Deshaies was born Arthur Emillien Deshaies on July 6, 1920. (Note: An obituary says the birth date may have been June 6, but offers no evidence. Four public records give July 6 and none are found giving June 6.) His father was Arthur Oliver Deshaies. Of Canadian heritage, Arthur Oliver Deshaies had been born in Rhode Island about 1901. Arthur Emillien Deshaies' mother was Emilienne Vue Deshaies, She was born December 23, 1896, in Uzay-le-Venon, France. The Arthur Oliver and Emilienne were married in Saint-Doulchard, France, on March 4, 1918, when he was about 17 and she 22. The location and timing suggest that she was a war bride. The family lived in Woonsocket, R.I. where Arthur Oliver Deshaies worked as a shoe repairer in a cobbler shop. Deshaies had a younger sister, Carmen Constance, born 1922. When Deshaies was in his senior year of high school in Burrillville, Carmen, having dropped out after eighth grade, was working as a doffer in a local worsted mill.

At some time in the 1930s Emilienne married Roland Beaudry.

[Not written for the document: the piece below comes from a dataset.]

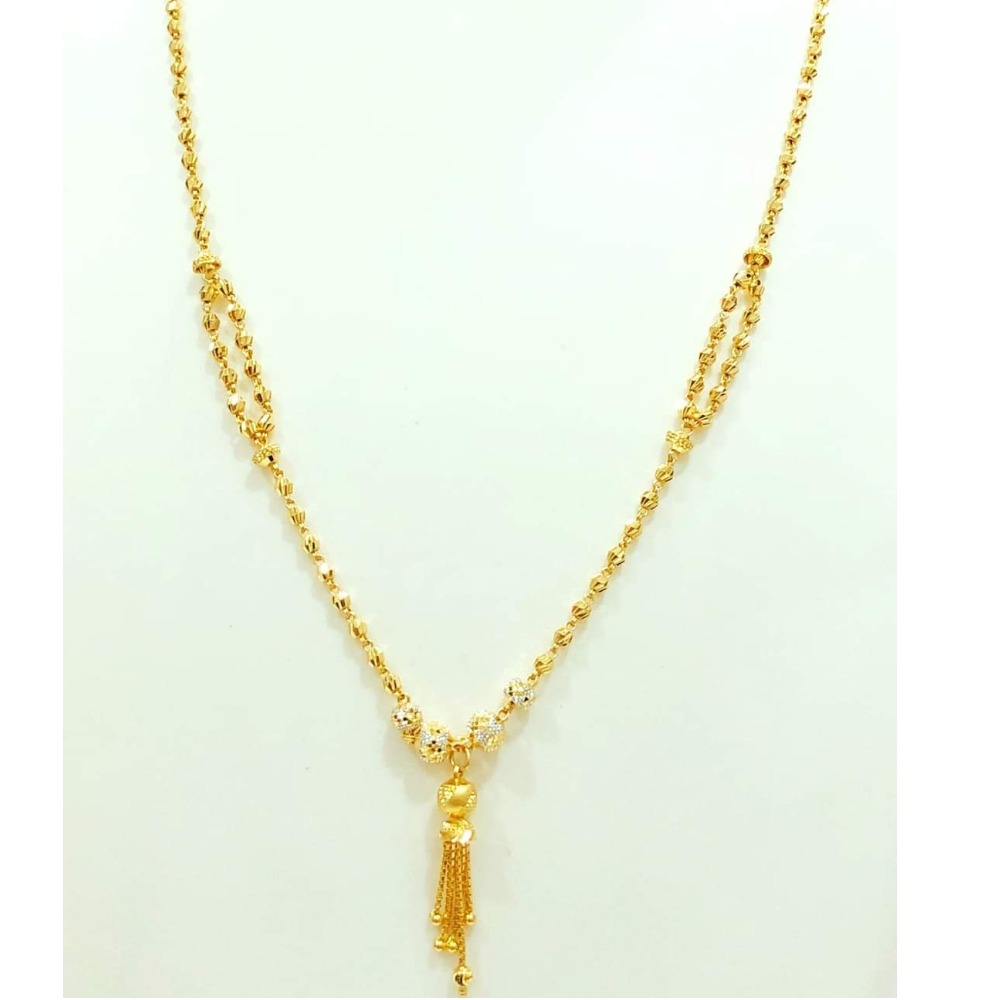 22 carat gold ladies modern latkan dokiya chain rh-dc727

He was born in Quebec on June 17, 1904, and was employed as a fireman in the boiler room of the Rhode Island State Sanitarium (Burrillville, R.I.).

Deshaies joined the United States Army soon after the outbreak of World War II. He served as a paratrooper in the Pacific Theater both as combat soldier and war artist. Long afterward, a curator remarked that this was the only occasion in which he worked in a realistic style.

Deshaies was married twice. In the early 1950s he married Ruth Dryden, an artist. They had a daughter, Mignon. In 1960 the writer, Kay Boyle, reported in a letter that she had become infatuated with Deshaies. The editor of her letters said that in 1959 the two of them had begun "an intimate and stormy relationship." In about 1995 Deshaies married Maxine Seay, a nurse. She had been previously married and had three daughters and two sons by her previous marriage. The couple lived in Duncan, South Carolina, the town where Seay had been born and raised. Deshaies died on July 30, 2011, in Spartanburg, South Carolina.